この段階では時間を掛けず速やかに、矢継ぎ早に、進めていくのが良いのだそうだ。
だから、今日の打ち合わせでは概要くらいは定めておく必要があった。
「ちょっと思っていることがありまして……パゴーヂ的に場の雰囲気で自由参加というのはありつつ、見せるって意味ではある程度ステージショーも必要かなと。で、せっかくいろいろな人を巻き込むなら、ショーに参加する側も募れないかなぁって」
「うんうん。
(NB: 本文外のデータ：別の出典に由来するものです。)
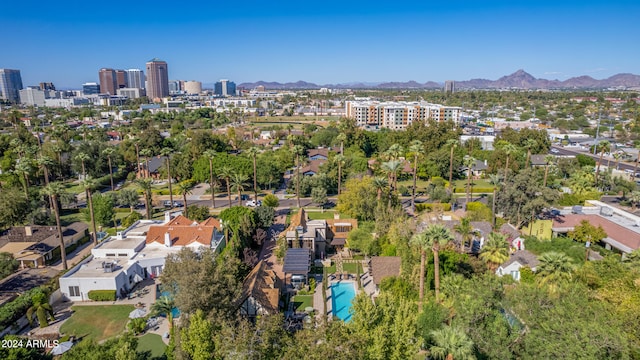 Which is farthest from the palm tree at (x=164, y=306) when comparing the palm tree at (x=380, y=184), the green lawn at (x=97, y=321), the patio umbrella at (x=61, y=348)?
the palm tree at (x=380, y=184)

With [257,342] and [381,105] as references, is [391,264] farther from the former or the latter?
[381,105]

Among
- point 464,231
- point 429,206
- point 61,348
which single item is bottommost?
point 61,348

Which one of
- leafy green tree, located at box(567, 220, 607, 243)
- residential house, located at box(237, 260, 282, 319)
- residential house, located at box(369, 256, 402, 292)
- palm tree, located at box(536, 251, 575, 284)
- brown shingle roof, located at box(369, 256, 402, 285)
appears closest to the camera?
palm tree, located at box(536, 251, 575, 284)

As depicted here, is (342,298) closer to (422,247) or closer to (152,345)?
(422,247)

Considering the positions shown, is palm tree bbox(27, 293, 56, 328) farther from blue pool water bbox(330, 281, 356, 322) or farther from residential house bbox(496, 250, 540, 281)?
residential house bbox(496, 250, 540, 281)

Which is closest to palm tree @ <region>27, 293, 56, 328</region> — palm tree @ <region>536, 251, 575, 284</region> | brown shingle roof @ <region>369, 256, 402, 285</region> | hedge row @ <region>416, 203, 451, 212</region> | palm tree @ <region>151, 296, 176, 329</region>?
palm tree @ <region>151, 296, 176, 329</region>

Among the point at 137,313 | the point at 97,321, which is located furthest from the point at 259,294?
the point at 97,321

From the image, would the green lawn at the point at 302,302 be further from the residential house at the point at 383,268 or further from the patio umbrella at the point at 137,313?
the patio umbrella at the point at 137,313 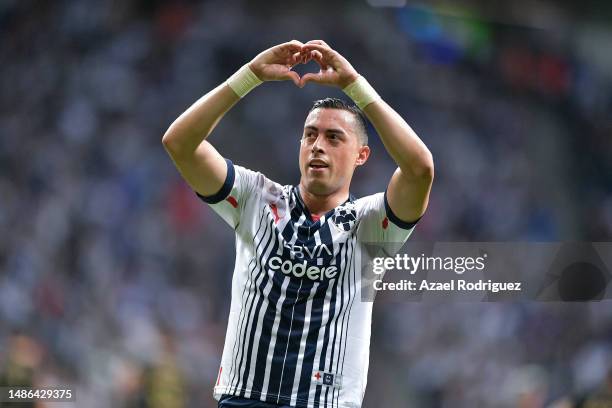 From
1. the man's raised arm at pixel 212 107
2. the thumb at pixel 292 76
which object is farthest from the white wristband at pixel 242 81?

確かに、それならエスコーラの垣根を超えて色んな参加者の色んなパフォーマンスが見られるね。
ショーとしての厚みが出るし、逆に演者としての準備は限定的にできる。
有志で行くなら出たい人は出るユニット形式にしちゃえば、出たいというメンバーの満足度はあまり損なわないね。誉ちゃんはサンバを知らない人たちもこのショーの部分にも組み込みたいんだよね? そこはちょっと工夫が必要になるね」
祷さんがほぼまとめてくれた。
その工夫の部分、うまいやり方が思いつけば、ちょっと珍しいサンバイベントにできるかもしれない。
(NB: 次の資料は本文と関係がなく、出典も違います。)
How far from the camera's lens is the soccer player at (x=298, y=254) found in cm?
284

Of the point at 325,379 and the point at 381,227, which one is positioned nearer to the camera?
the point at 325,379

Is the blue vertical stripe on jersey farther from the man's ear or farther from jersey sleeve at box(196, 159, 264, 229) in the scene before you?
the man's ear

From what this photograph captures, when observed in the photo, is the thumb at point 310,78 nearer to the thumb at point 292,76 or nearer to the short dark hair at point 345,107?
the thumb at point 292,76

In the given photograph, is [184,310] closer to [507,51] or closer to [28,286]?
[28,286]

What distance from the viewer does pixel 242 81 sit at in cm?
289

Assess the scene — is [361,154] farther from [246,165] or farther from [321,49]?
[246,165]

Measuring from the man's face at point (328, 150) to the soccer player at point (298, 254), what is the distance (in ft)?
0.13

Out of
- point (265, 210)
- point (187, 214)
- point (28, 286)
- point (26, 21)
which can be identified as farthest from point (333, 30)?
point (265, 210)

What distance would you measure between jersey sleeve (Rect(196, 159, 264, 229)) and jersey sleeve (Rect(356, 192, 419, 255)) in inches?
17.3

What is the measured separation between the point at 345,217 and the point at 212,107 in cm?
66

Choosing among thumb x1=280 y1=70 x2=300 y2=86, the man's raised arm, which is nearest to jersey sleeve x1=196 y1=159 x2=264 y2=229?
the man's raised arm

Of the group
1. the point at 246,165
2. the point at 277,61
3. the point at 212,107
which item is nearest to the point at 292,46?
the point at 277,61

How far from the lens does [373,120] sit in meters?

骨子さえ決めてしまえばあとは現実的にどう実現できるかと、よりよくするにはどうしたら良いのかを追求する段階に入れる。目先は、形を定めるところさえ固められれば良い。
一般の人の参加者をどうするかという点なら、知り合いを次々巻き込んでいけば良いし、そのうえで人脈や伝手を使った広報戦略は取れそうな気がしている。
やはり、一般の人がどう、サンバのショーに演者として参加できるのか、そのスキーム作りが肝要となりそうだ。